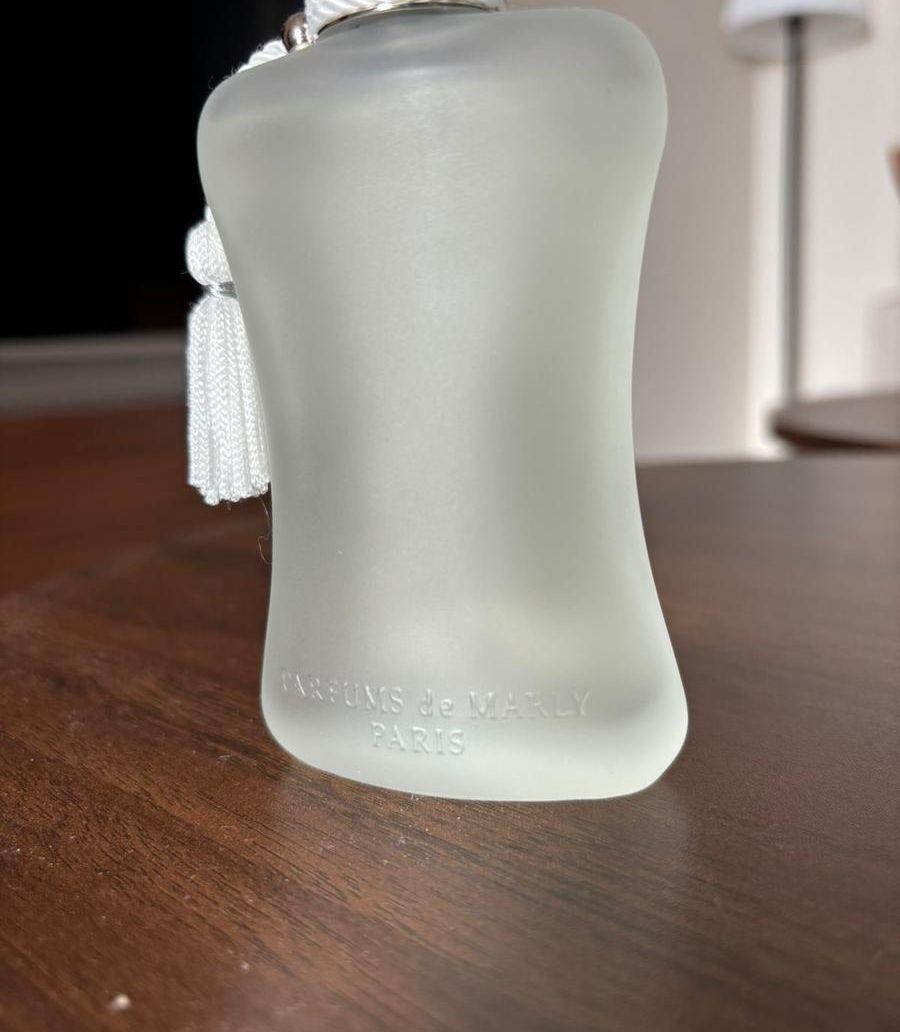عطر . Valaya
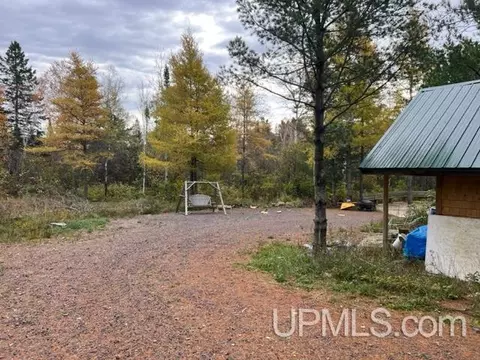 4076 5 Mile Pt, Allouez, MI 49805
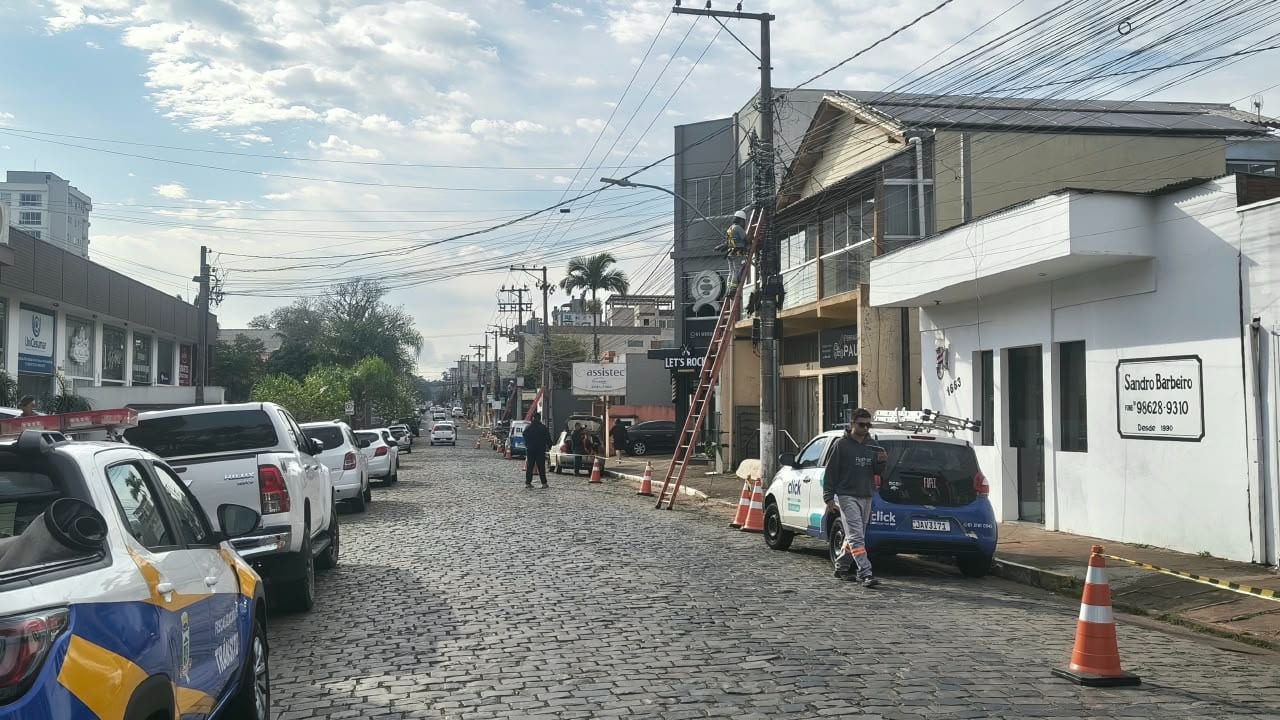 Segunda etapa do Poste Limpo retira mais de 1.000 kg de fios em Taquara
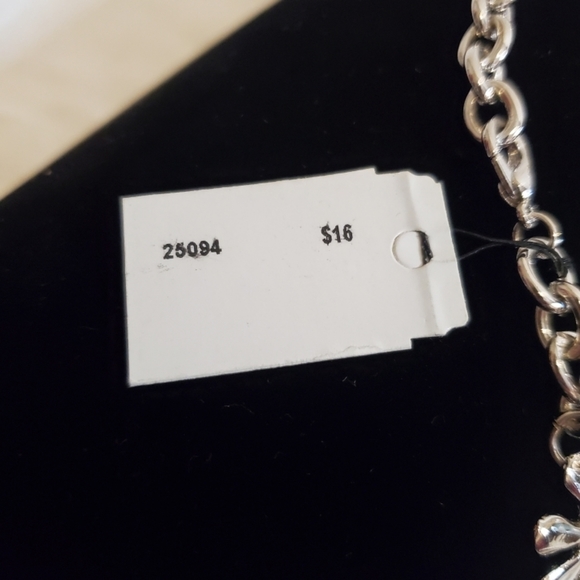 Cookie Lee Silver Flower Charm Bracelet 🌼 NWT - Picture 6 of 7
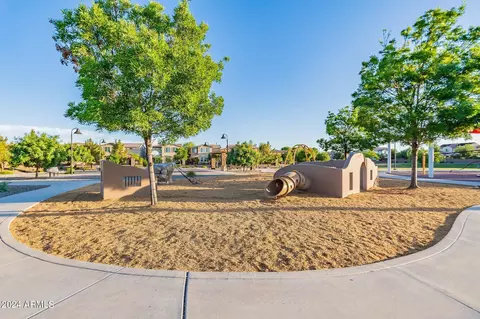 View/Area - 3428 E Indigo St, Gilbert, AZ 85298 photo 4 of 6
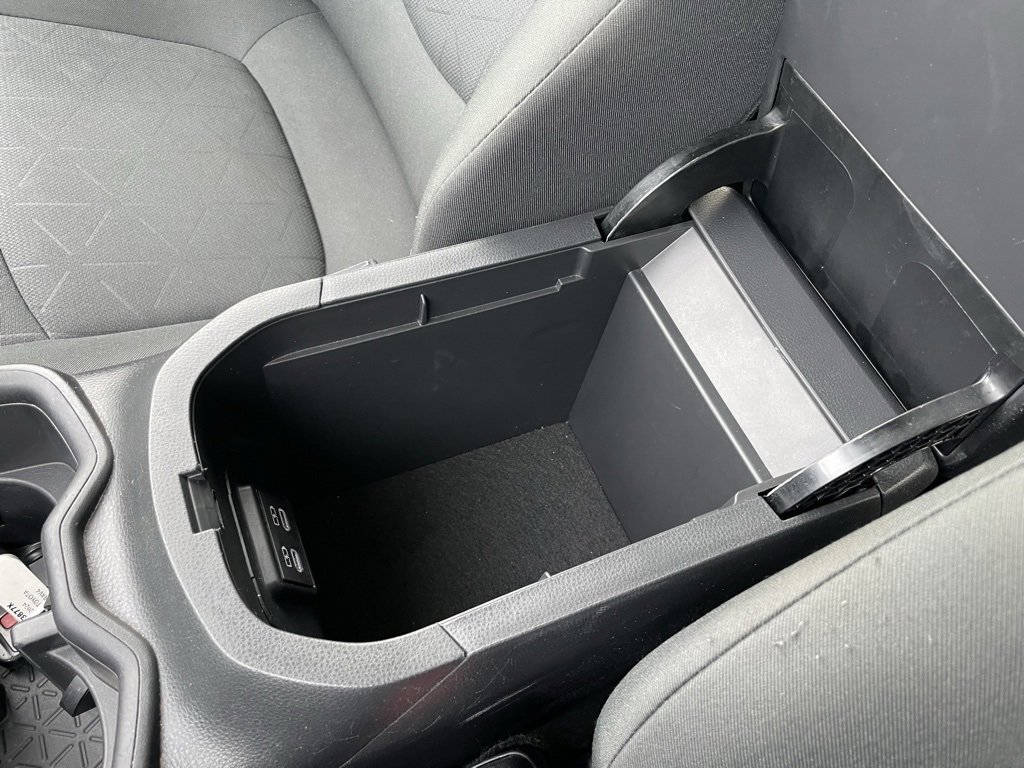 Used 2024 Toyota RAV4 XLE image 45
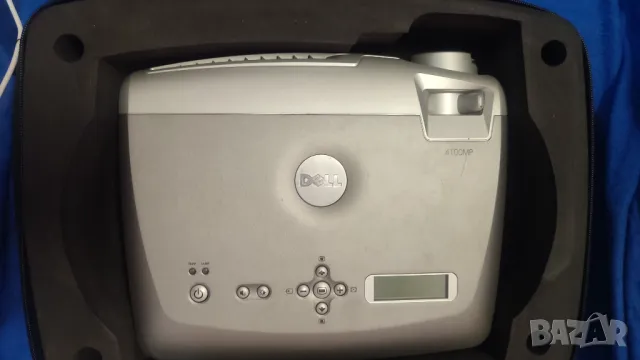 Отлично работещ видео проектор DELL с куфар, дистанционно и кабели. Прожектор за компютър / лаптоп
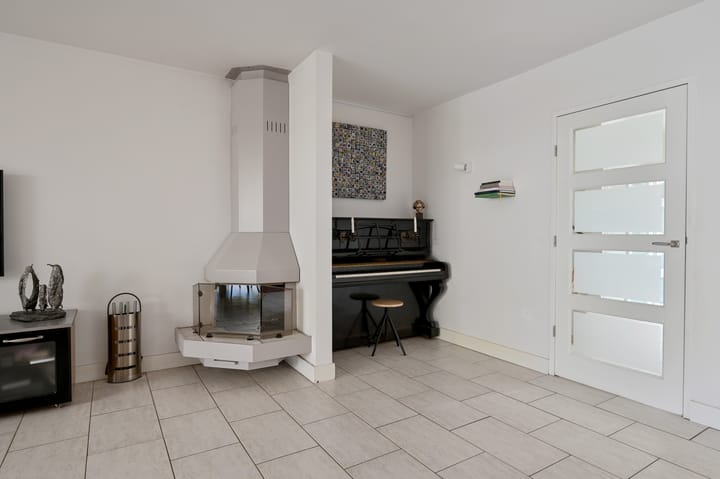 Tussenwoning te koop: Ebro 112, Uithoorn
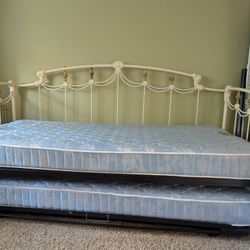 Trundle bed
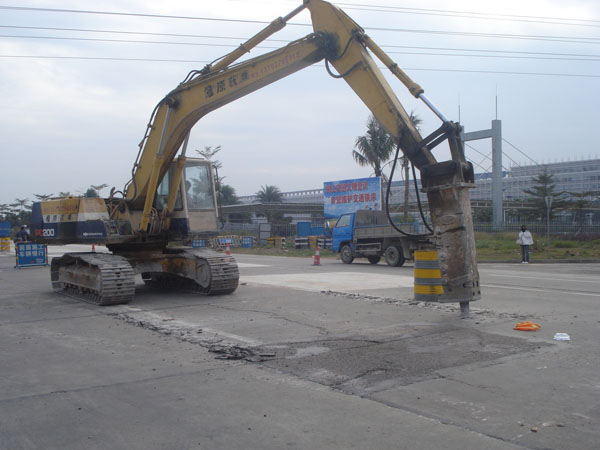 万搏网-万搏体育（中国）
南三公路道路维修工程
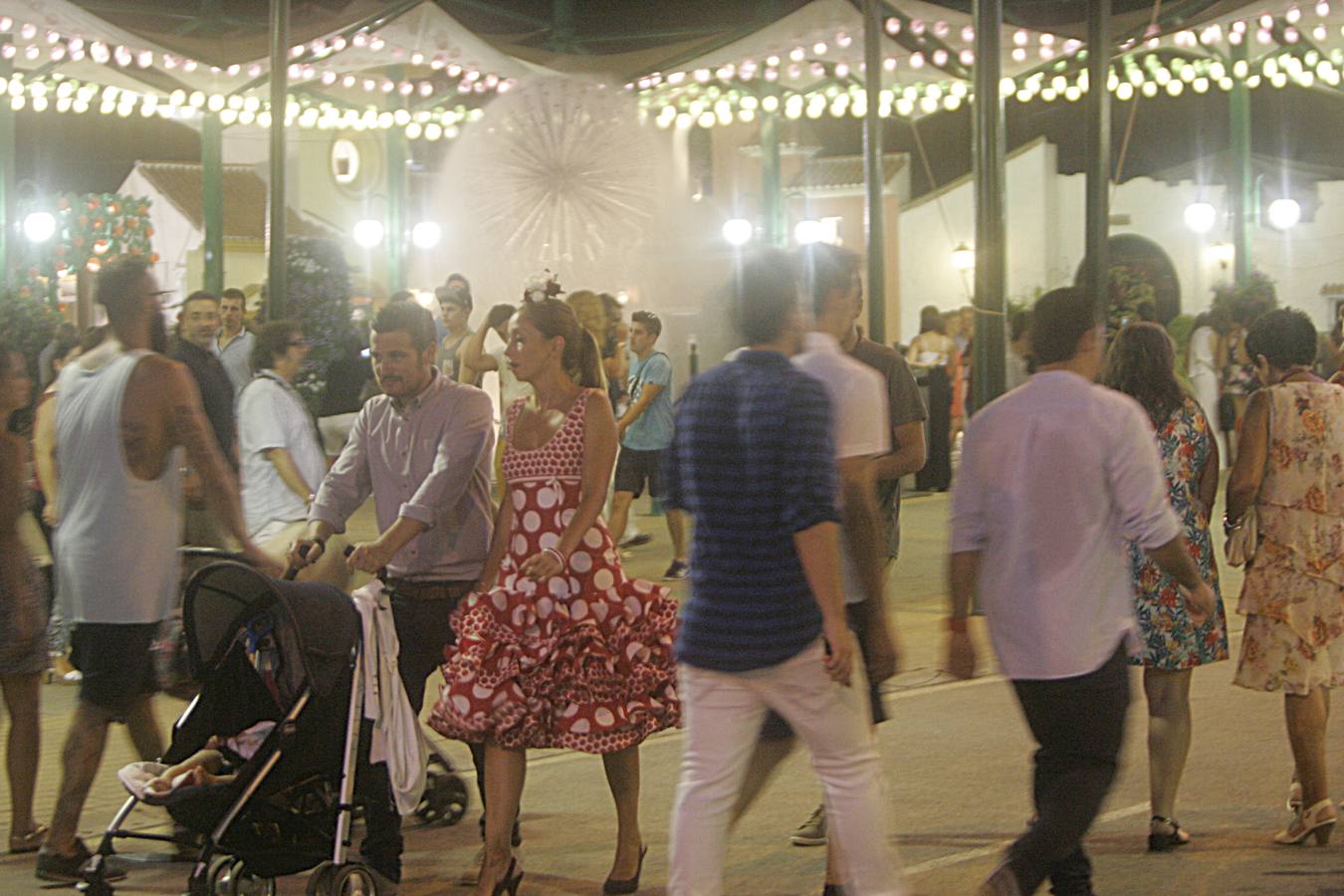 Fotos del ambiente en el Real de la Feria la noche del viernes 21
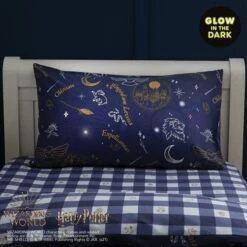 Harry Potter Hogwarts Glow In The Dark Duvet Cover And Pillowcase Set -IT Luggage Kids Sales Store 30691832 alt01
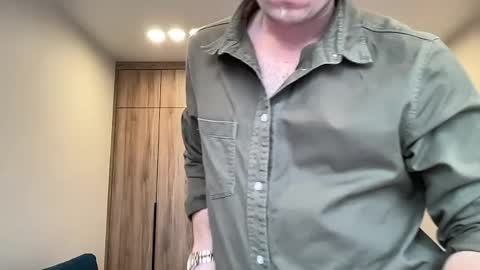 cute_skywalker online show from April 3, 6:33 am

*Task brief:* Lines from the one with "Fotos del ambiente" through the final line of the listing above: copy them exactly, both ends included, and omit every picture.

*Response area:*
 Fotos del ambiente en el Real de la Feria la noche del viernes 21
 Harry Potter Hogwarts Glow In The Dark Duvet Cover And Pillowcase Set -IT Luggage Kids Sales Store 30691832 alt01
 cute_skywalker online show from April 3, 6:33 am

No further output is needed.